The Phase 3 trial was a one-year placebo-controlled trial designed to evaluate the safety and efficacy of edasalonexent in boys ages 4-7 (up to 8th birthday) with DMD. The global trial enrolled 131 boys across eight countries, with any mutation type, who were not on steroids. Edasalonexent was well-tolerated, consistent with the safety profile seen to date. The majority of adverse events were mild in nature and the most common treatment-related adverse events were diarrhea, vomiting, abdominal pain and rash. There were no treatment-related serious adverse events and no dose reductions. The global COVID-19 pandemic had no meaningful impact on the trial or its results.
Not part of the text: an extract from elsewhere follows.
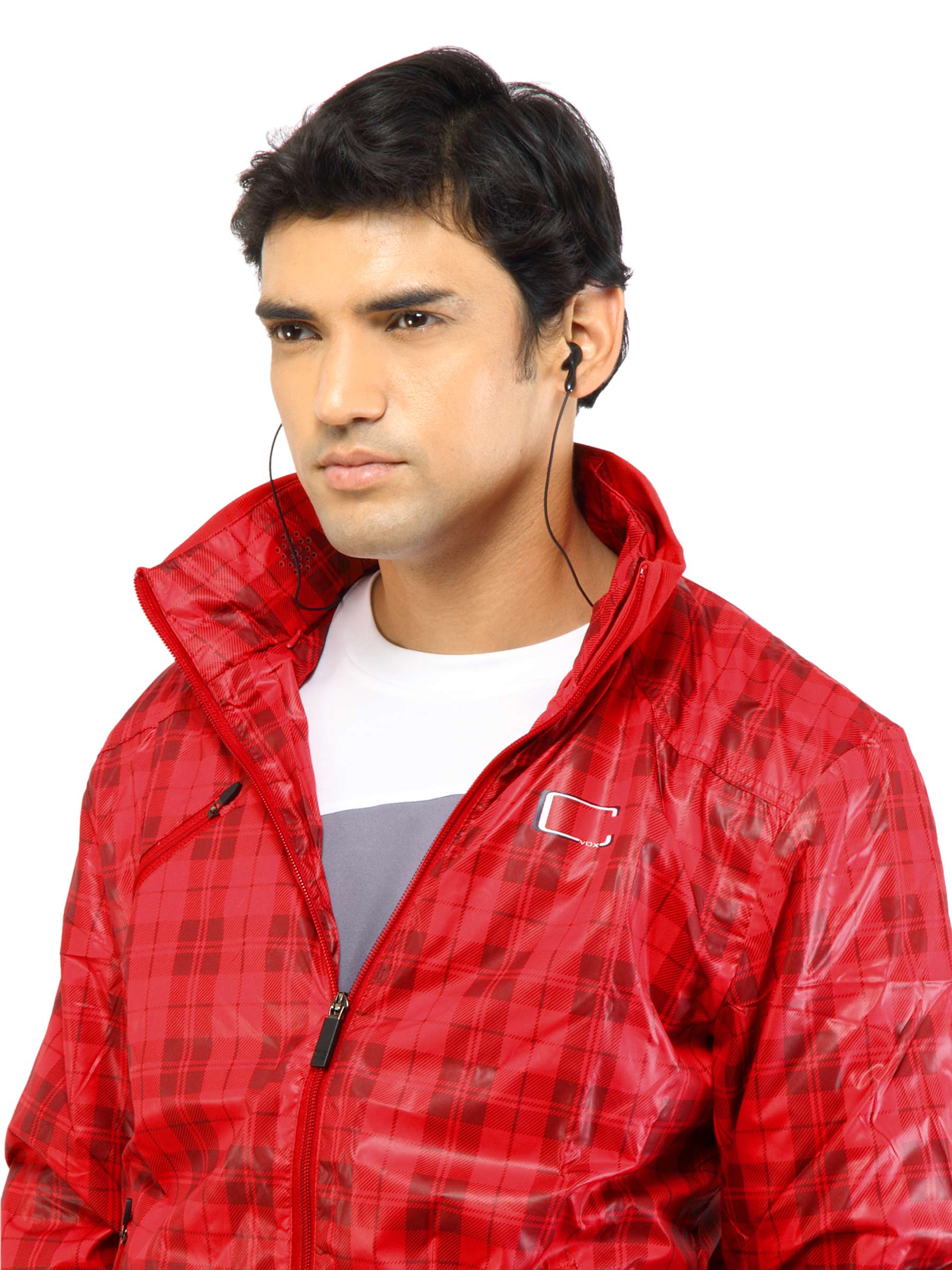 C Vox Men Red Jacket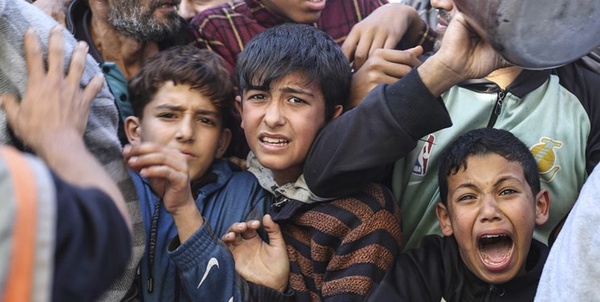 غزه کودک گرسنه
Data from the PolarisDMD trial will be further analyzed and are expected to be presented at an upcoming scientific conference and published.


“These results are disheartening for the Duchenne community, and specifically for the boys who participated in this trial and their families. However, the results contribute to the natural history data of Duchenne and add to the knowledge base that will one day produce a foundational, long-term therapy for this disease,” said Pat Furlong, Founding President and Chief Executive Officer of Parent Project Muscular Dystrophy (PPMD). “The continued advancement of research and the development of possible treatment options will remain of critical importance to our community. We appreciate Catabasis’ efforts and commitment to every family that is or has ever been affected by Duchenne.” 
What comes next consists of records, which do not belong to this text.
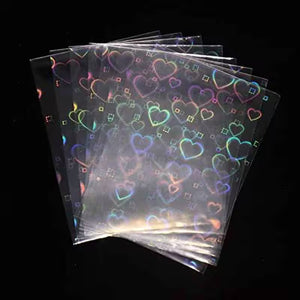 Heart Shaped Holo Graphic Sleeves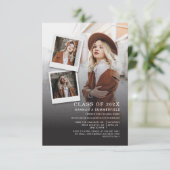 2022卒業パーティー4枚の写真モダン卒業 招待状 (スタンド正面)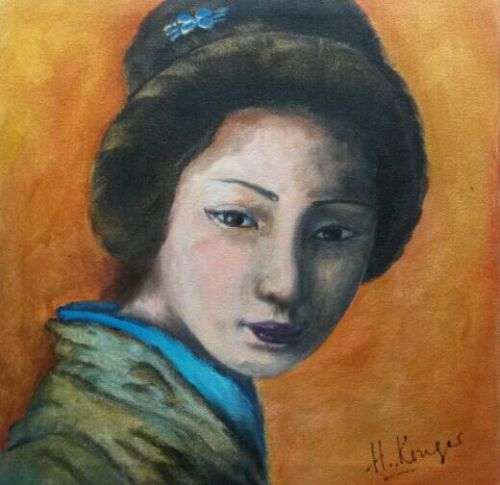 BARGAIN!!! Original Acrylic by H. Kruger - 400x400x10mm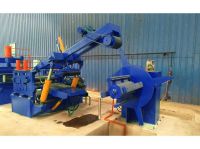 Hydraulic unilateral belt feeding trolley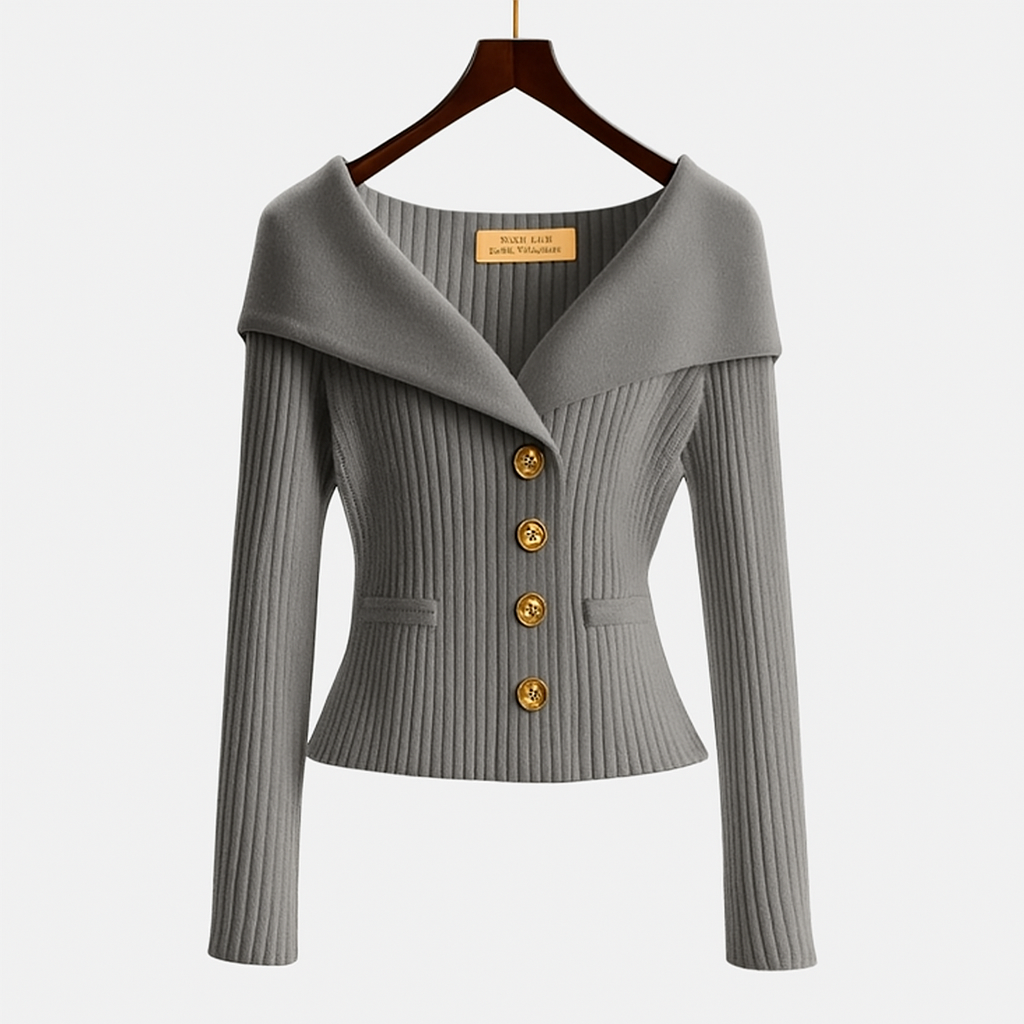 Clarisa | Elegant gebreid vest voor stijlvolle gelegenheden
The Company expects to report Q3 2020 financials in November of 2020. As of September 30, 2020, Catabasis had cash and cash equivalents of approximately $52.9 million.

The company is pre-revenue, R&D is likely at a full stop now, general and administrative expenses have run a little under $3MM:

Now that the company is a cash shell, the burn rate should be lower, but let's just call it $1MM a month going forward.  Cash and marketable securities were ~$54MM as of 6/30, Catabasis does have an ATM program they have been hitting for incremental cash, so to square the cash burn against the $52.9MM they reported in their press release, let's assume they've issued another 1 million shares, bringing their total to approximately 20 million shares outstanding.  At a price of $1.36, that gives us a market cap of $27MM versus a cash balance of ~$50MM, almost a 50 cent dollar.  And since CATB never generated revenue, we have a large NOL here as well of approximately $200MM. 

The most likely outcome is in the next few months a privately held biotech will merge into and come public through a reverse merger with CATB.  Effectively using CATB as a capital raising transaction with a deSPAC like transaction except here a target has more certainty in the actual amount of cash raised.